Money, Velocity, Price & Quantity
By Dirk Van Dijk on January 4, 2009 | More Posts By Dirk Van Dijk | Author's Website
The Federal Reserve is in the process of buying up to $500 billion in mortgage-backed assets. Not exactly the “troubled assets” that the TARP was supposed to buy originally. These assets are backed by Fannie Mae (NYSE:FNM) and Freddie Mac (NYSE:FRE). Since Fannie and Freddie have effectively already been nationalized, it is almost like another form of government debt.
However, under normal circumstances the Fed only buys very short-term paper in conducting monetary policy. This paper will be of much longer maturity. It will also be more targeted towards the housing market, and should help to drive down mortgage rates.
How will the Fed pay for it? With the printing press, of course. The Fed is desperately trying to pump up the money supply (M). We are currently going through a big deleveraging, where everyone is trying to pay off debt and hold onto their cash as tightly as they can. This is true of corporations, individuals and most significantly banks.
This slows down the rate at which money turns over, or its velocity (V). One way of computing nominal GDP is the supply of money times how quickly it turns over, or M * V = P * Q, with P representing the price level and Q representing the quantity of output.
Thus, if V goes down, we will see either a fall in prices or a reduction in output. Right now we are seeing both, with a rapid decline in most measures of inflation and a rapidly slowing economy.
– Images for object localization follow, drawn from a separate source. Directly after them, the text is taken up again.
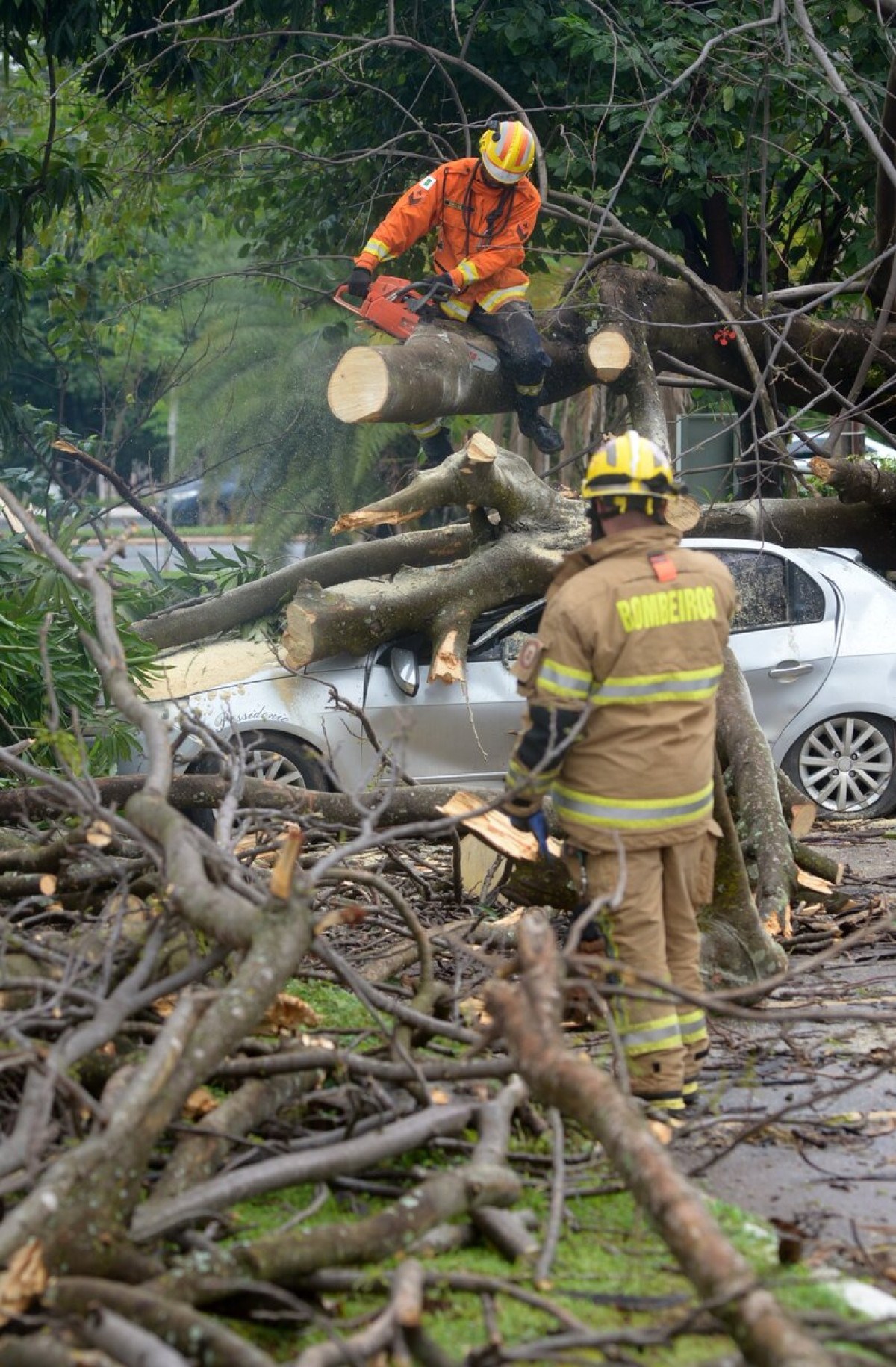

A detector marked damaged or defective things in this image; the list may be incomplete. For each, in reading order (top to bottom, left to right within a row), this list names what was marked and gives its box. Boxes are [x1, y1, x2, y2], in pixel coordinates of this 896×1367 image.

crushed silver car [138, 541, 896, 819]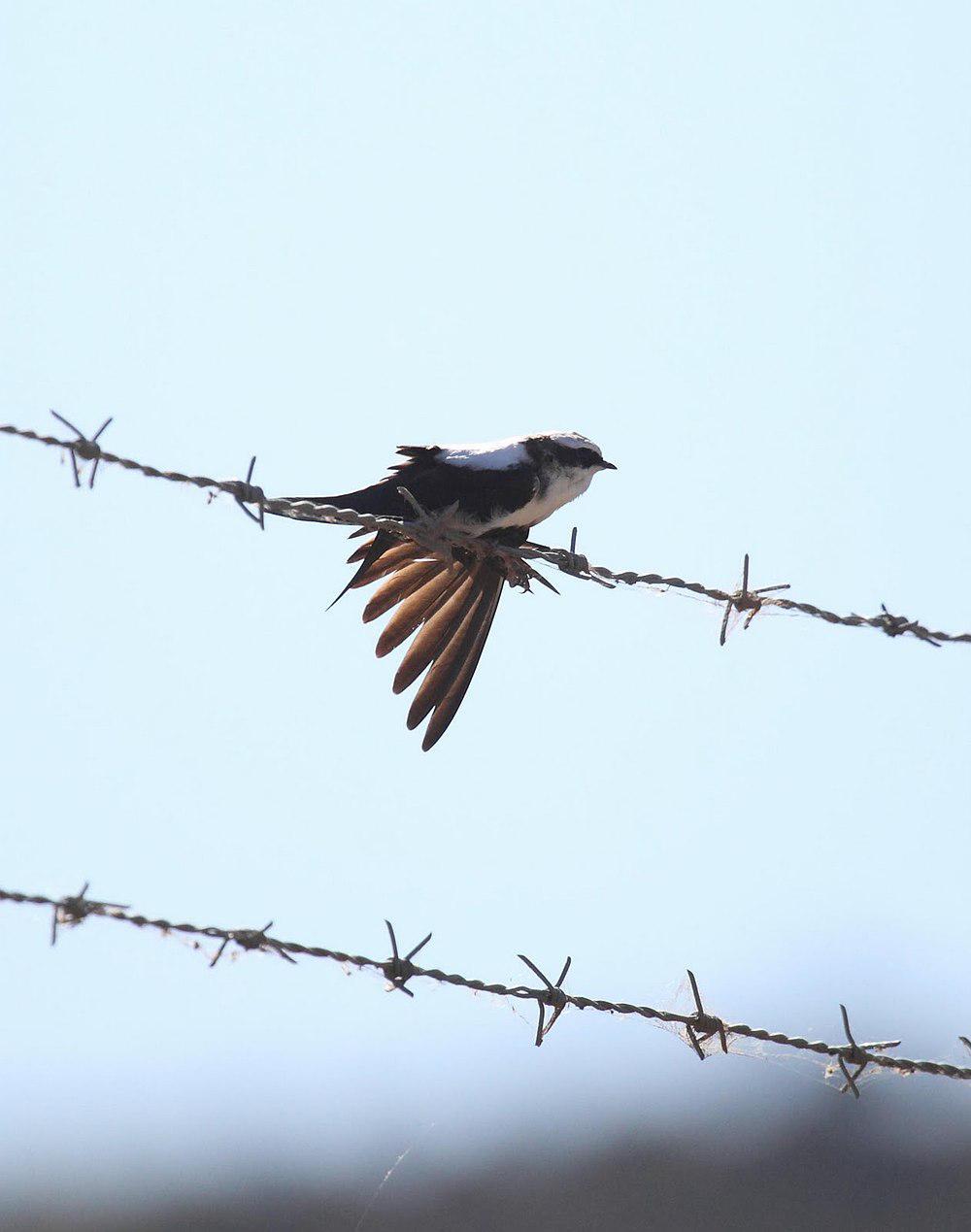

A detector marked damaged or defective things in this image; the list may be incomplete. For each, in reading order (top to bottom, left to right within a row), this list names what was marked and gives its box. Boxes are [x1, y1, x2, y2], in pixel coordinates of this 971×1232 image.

rusty barb [5, 417, 971, 652]
rusty barb [719, 555, 792, 652]
rusty barb [383, 920, 433, 1002]
rusty barb [1, 882, 971, 1095]
rusty barb [520, 955, 571, 1041]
Therefore the Fed is trying to offset the decline in velocity with an increase in M, and is doing so at a very unprecedented rate. The monetary base typically grows by between 5 and 10% per year. Since 1959, the previous highest year-over-year change had been 16% in the run up to Y2K, and this was quickly reversed. It is now running a rate of over 75%, with virtually all of the increase coming in the last few months.
In August, the monetary base stood at $840 billion; by the end of November it was up to $1.44 Trillion. The process of buying these mortgage-backed securities will simply accelerate the process. This is a daring gamble on the part of the Fed, but most likely one that it needs to make,to prevent the total collapse of the economy.
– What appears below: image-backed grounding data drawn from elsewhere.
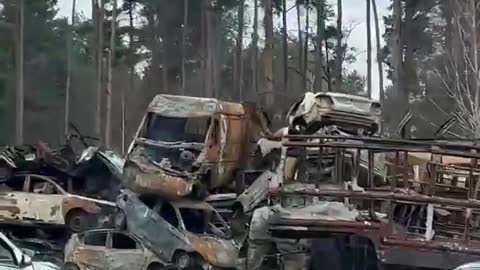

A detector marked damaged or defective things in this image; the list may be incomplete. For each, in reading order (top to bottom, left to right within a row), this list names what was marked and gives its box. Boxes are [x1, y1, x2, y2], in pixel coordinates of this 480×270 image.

broken windshield frame [142, 113, 211, 144]
burnt truck cab [124, 94, 266, 199]
mangled vehicle frame [122, 94, 268, 199]
destroyed car [124, 94, 270, 199]
destroyed car [0, 231, 59, 268]
destroyed car [0, 175, 115, 232]
destroyed car [63, 229, 175, 270]
destroyed car [113, 190, 240, 270]
mangled vehicle frame [268, 136, 480, 270]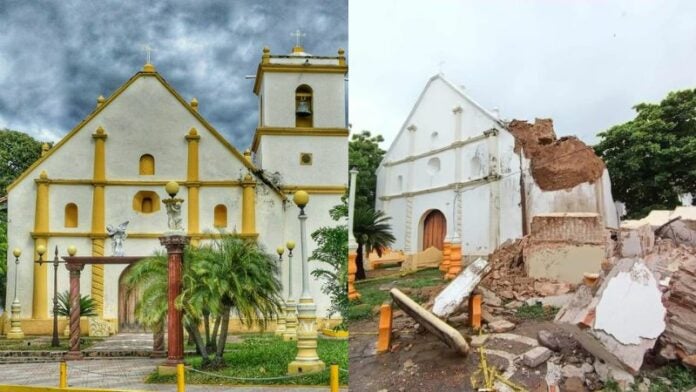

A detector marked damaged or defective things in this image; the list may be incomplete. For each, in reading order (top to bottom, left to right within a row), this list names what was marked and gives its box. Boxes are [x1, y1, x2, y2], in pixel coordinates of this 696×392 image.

damaged facade [372, 75, 616, 262]
construction damage [350, 118, 696, 390]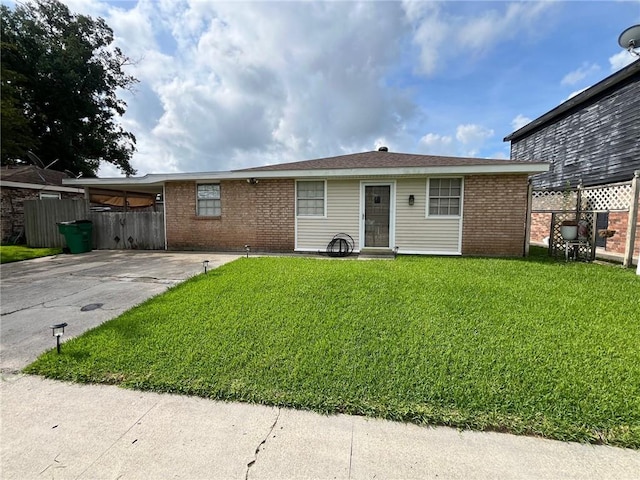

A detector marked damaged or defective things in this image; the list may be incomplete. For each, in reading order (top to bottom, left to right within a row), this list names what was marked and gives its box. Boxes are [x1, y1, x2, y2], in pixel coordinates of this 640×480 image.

crack in sidewalk [245, 408, 280, 480]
However, if the economy starts to stabilize, the Fed will have to just as aggressively drain this liquidity out of the system. It will have to do so when the economic picture is at its bleakest (we are not there yet — not by a long shot). If it doesn’t, the risk of very high inflation (much higher than Ford/Carter levels) is huge.
I suspect that there will be a very rapid switch from deflation to high inflation, but that it will not occur until early 2010 at the soonest. When that happens, anyone holding long-term bonds, especially Treasuries will be decimated. Mining stocks, particularly of precious metals, like Newmont Mining (NYSE:NEM) and Barrick Gold (NYSE:ABX) will be huge winners in such a scenario.